== DIRECTIONS ==
Only the lines below from the one containing "Click on the" through the one containing "The height of" belong in the answer, repeated exactly and without pictures.

== DATASET ENTRIES ==
╔══

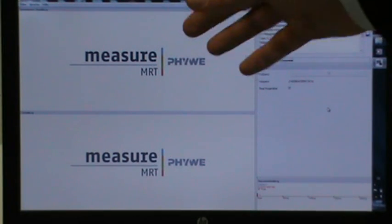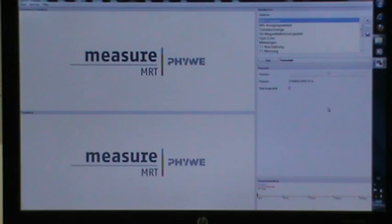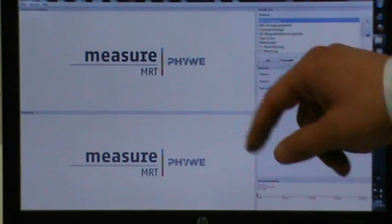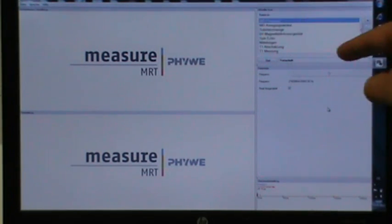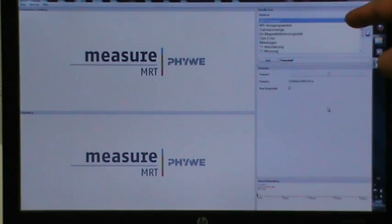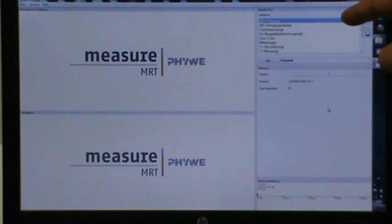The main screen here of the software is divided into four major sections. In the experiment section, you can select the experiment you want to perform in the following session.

╚══
╔══

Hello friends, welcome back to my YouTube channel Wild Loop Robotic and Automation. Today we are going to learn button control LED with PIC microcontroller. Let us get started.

╚══
╔══

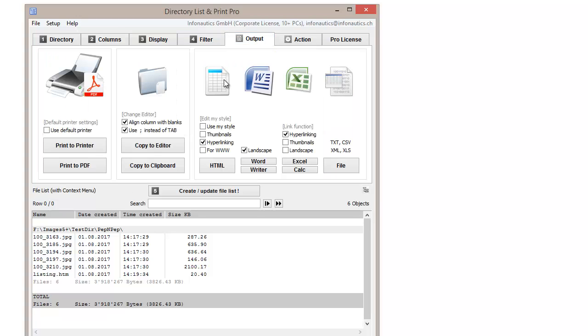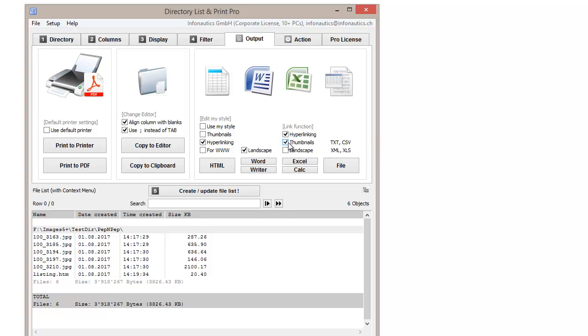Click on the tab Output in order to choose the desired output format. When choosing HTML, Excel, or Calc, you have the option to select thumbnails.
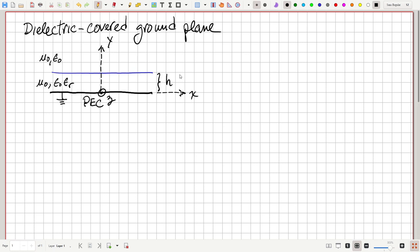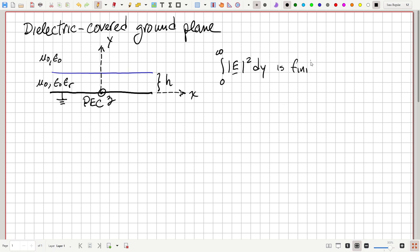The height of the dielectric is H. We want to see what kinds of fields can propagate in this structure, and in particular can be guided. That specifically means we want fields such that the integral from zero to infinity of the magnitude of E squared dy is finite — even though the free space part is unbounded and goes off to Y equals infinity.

╚══

== REPLY ==
Click on the tab Output in order to choose the desired output format. When choosing HTML, Excel, or Calc, you have the option to select thumbnails.
The height of the dielectric is H. We want to see what kinds of fields can propagate in this structure, and in particular can be guided. That specifically means we want fields such that the integral from zero to infinity of the magnitude of E squared dy is finite — even though the free space part is unbounded and goes off to Y equals infinity.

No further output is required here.